起初并不顺利,村里没有人听说过会善寺的名字。几位老人领我们来到村委会,这里是以前村中“大庙”的旧址。可惜,大庙并非佛寺,不是我们要找寻的目标。正毫无头绪之际,村委会保存的一口古老的铁钟给了我们新的提示。铁钟铸于明代弘治三年,虽有些锈蚀,钟铭还大体可读,“平阳府太平县□□□□□慧寺铸造钟化缘□□□……”。铭文记载了□慧寺的历史以及寺僧、村民共铸铁钟的缘起。老人告诉我们,这是村中早已被拆毁的善慧寺的旧物。善慧寺……莫非“会善寺”是“善慧寺”之误?
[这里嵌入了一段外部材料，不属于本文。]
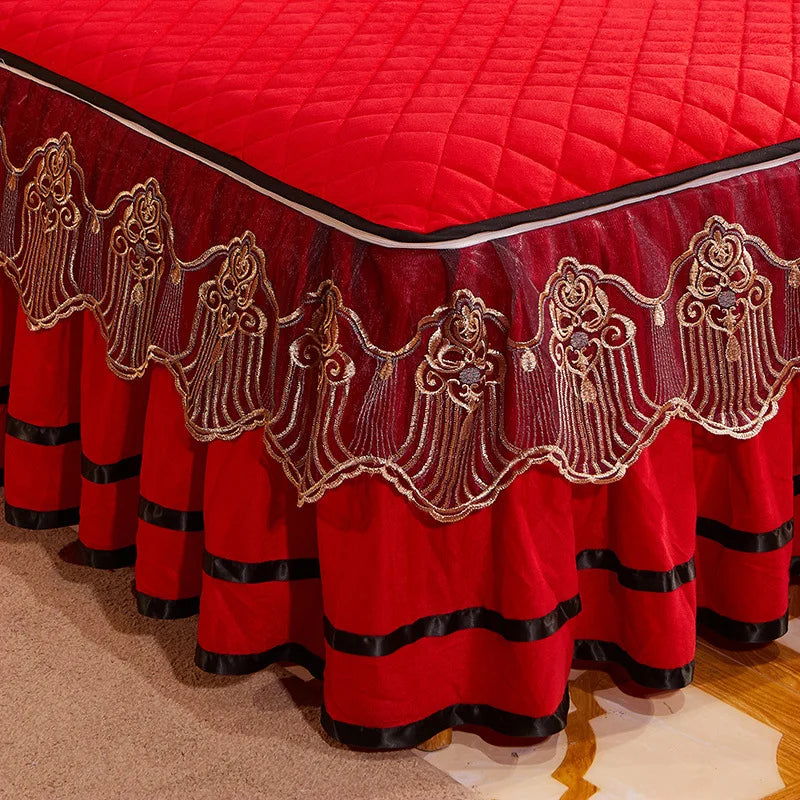 Literie de mariage princesse en velours cristal rouge, couvre-lit épais et doux, jupe de lit brodée en dentelle, housse de matelas, taies d'oreiller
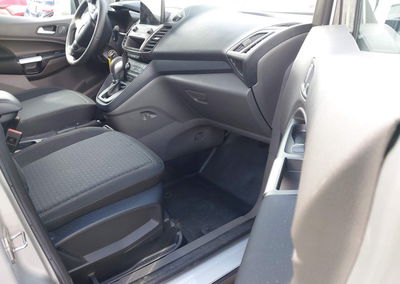 2023 Ford Transit Connect Xlt, daño Frontal, Iaai lote 45770468, foto 5 de 17
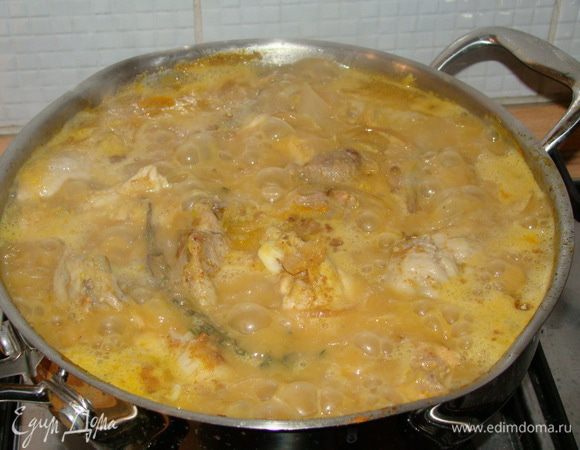 Соединяем с мясом, кидаем 5 горошин душистого перца, веточку тимьяна, готовим около 20-30 минут.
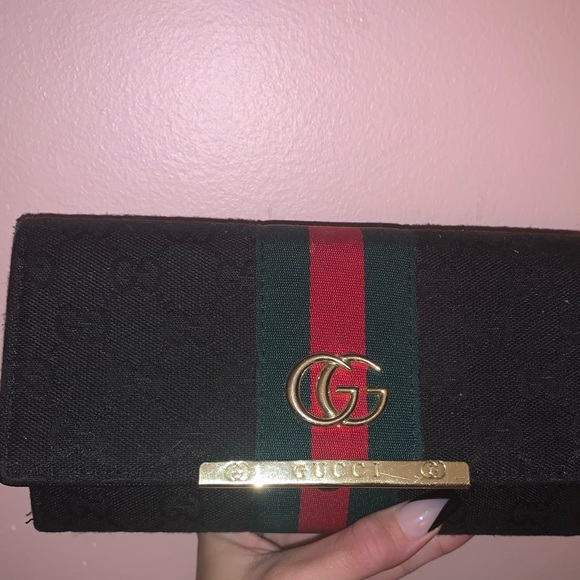 Gucci Handbags - Gucci wallet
在张材旺老人家,凭着一张手绘的“善慧寺全图”,我们找到了答案。老人60来岁,近年来一直致力于北膏腴村村史的整理。全图虽然只作简单的平面示意,却保留着十足的传统中国建筑地图的绘风,信息丰富。只见善慧寺寺前立有一座重檐十字歇山顶的钟楼,钟楼后有九级浮图,再后是中殿和后殿,都是悬山式的屋顶。和我们手中的“会善寺”老照片相对比,钟楼和后殿,形制基本吻合。特别在钟楼的老照片上,我们发现了远处大树背后,影影绰绰的古塔身影。毫无疑问,所谓的“会善寺”实为误传,善慧寺才是梁思成先生镜头里的汾城古寺,我们终于寻到了它的下落。
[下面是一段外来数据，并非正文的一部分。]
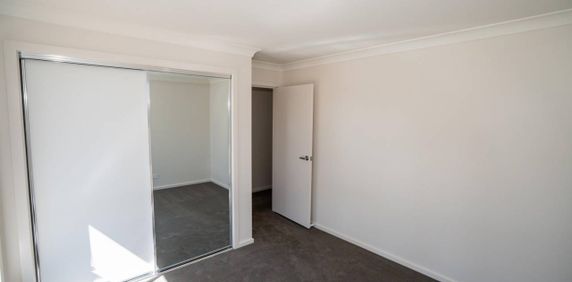 2-Bedroom Duplex - Photo 2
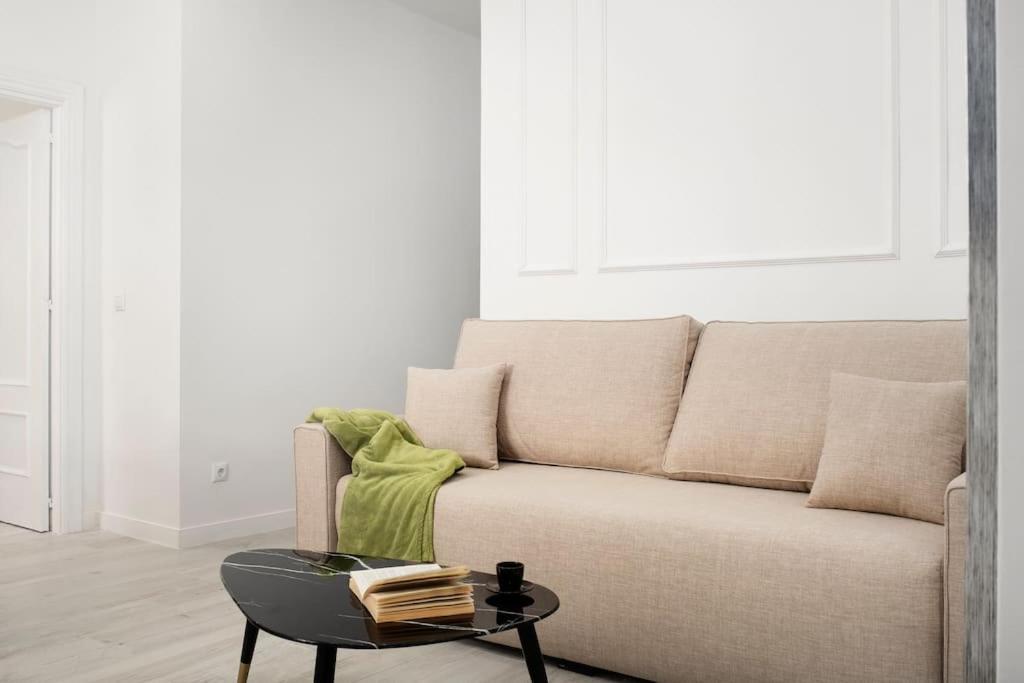 Newly Refurbished Modern 2-Bed Apartment In Heart Of Torremolinos Exteriör bild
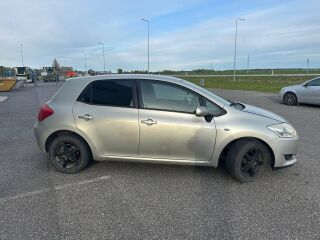 Toyota Auris 1.4 66kW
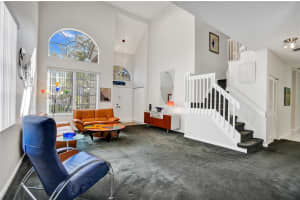 5438 NW 106th Dr, Coral Springs, FL 33076 Sold 05/09/25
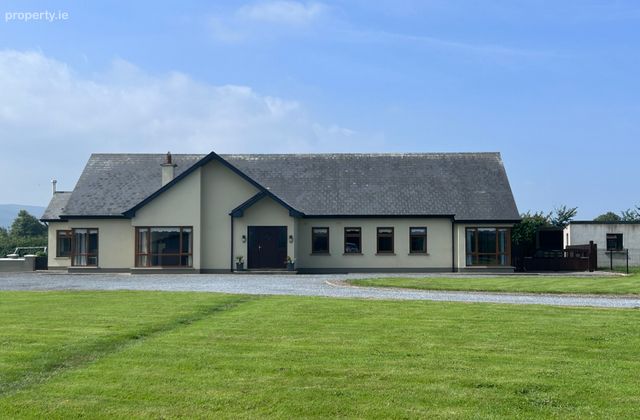 Masterstown, New Inn, Cashel, Co. Tipperary, Masterstown, Co. Tipperary - Click to view photos
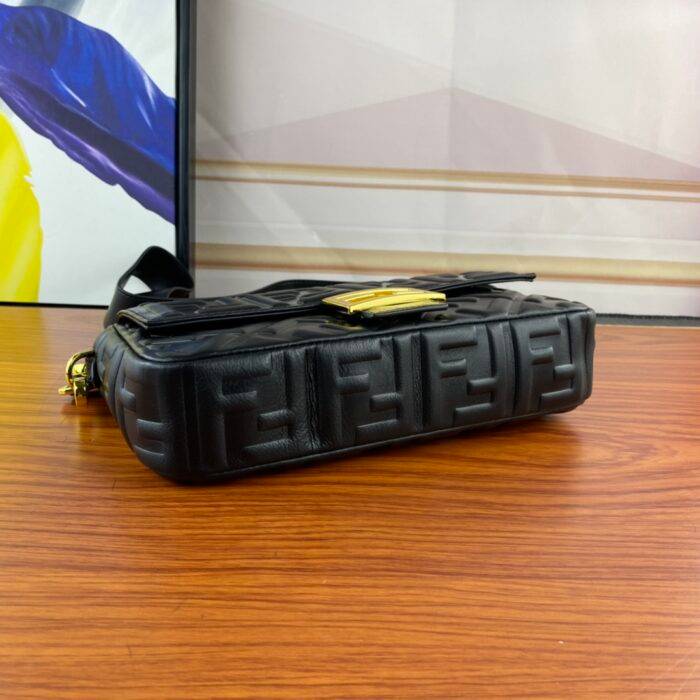FENDI BAGUETTE Embossed design Black Handbag F0191 Size: 26x5x15cm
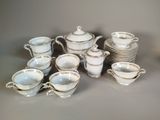un grand nombre de tasses et de soucoupes sur une table
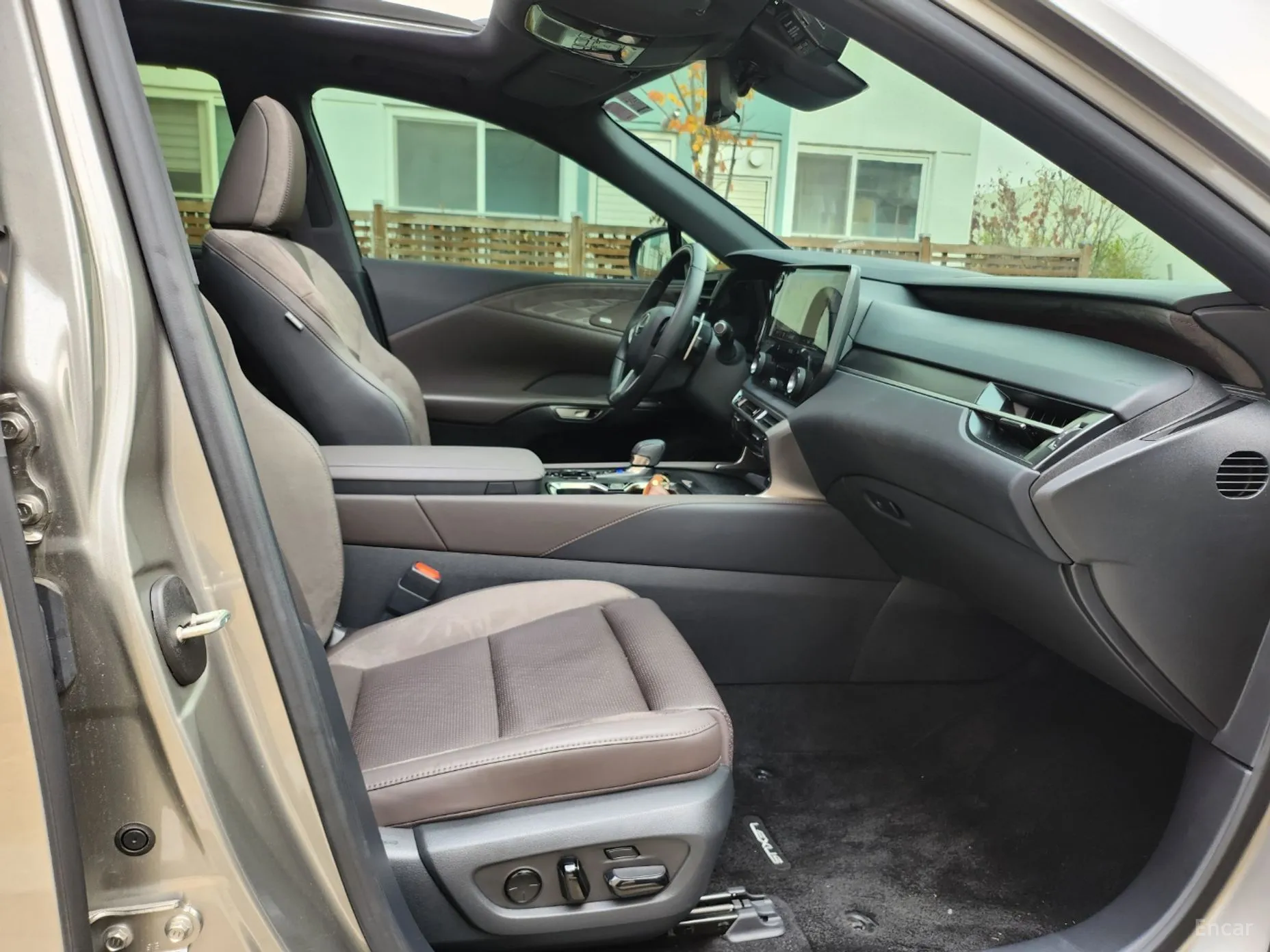 Lexus RX350h 5th Generation превью 12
根据弘治三年铁钟的铭文以及老口口相传,由张材旺记录整理的村史资料,我们可以勾勒出千年古刹的粗略历史。古寺座落在村子的大东门外,占地四十余亩,初创于北齐天统二年(566年),北宋嘉佑八年(1063年)改额“善慧寺”;屡遭兴废,历代多有修葺,至上个世纪30年代,寺院建筑和佛像都保存完整。可惜,在梁思成先生访问后的仅仅数年,古寺就被汉奸拆毁,建筑木材被烧成木炭供日本军人烤火,佛像不知去向……全寺建筑只剩下一座明代建造的九层砖塔,苟延残喘,保存到今天。在村东,我们终于寻到了善慧寺的旧址。古塔被各式各样的民居层层包围,在残阳下茕茕独立。塔的底层小半被掩埋在泥土之中,塔身开裂,向东歪斜,已有倾覆之虞。
我们特别感谢张材旺老人。没有老人悉心整理的村史,我们很可能一无所获、抱憾而归。老人淡泊一笑,低头喃喃自语,“写……不然,等我们走了,村里的小辈们就什么也不知道了。”文化需要传承,历史才得以延伸。我们今天有幸遇见张材旺老人,把一段几近湮没的历史还原。张材旺老人和梁思成先生虽然身份两极,但是,要把过去告诉后代的愿望应该是一致的。遗憾的是,今天,梁先生和张材旺老人的传人实在是太少了。许许多多已经被湮没的历史,如同被丢失的第三次山西调查记录一样,它们还能被重新发现和还原么?
(五)
梁思成和林徽因的山西调查,只是上世纪30年代他们在华北地区的野外调查的一部分。他们的目标是要以最高的学术标准撰写一部中国建筑的历史。这是前无古人的工作,所以必须从调查和测绘各种古代建筑的遗例开始。据统计,在1932年到1937年的6年间,学社调查过的县市137个,经调查的古建筑殿堂1823座,详细测绘的建筑有206组,完成测绘图稿1898张。作为学社的法式部主任,梁思成先生亲自调查了其中很大一部分。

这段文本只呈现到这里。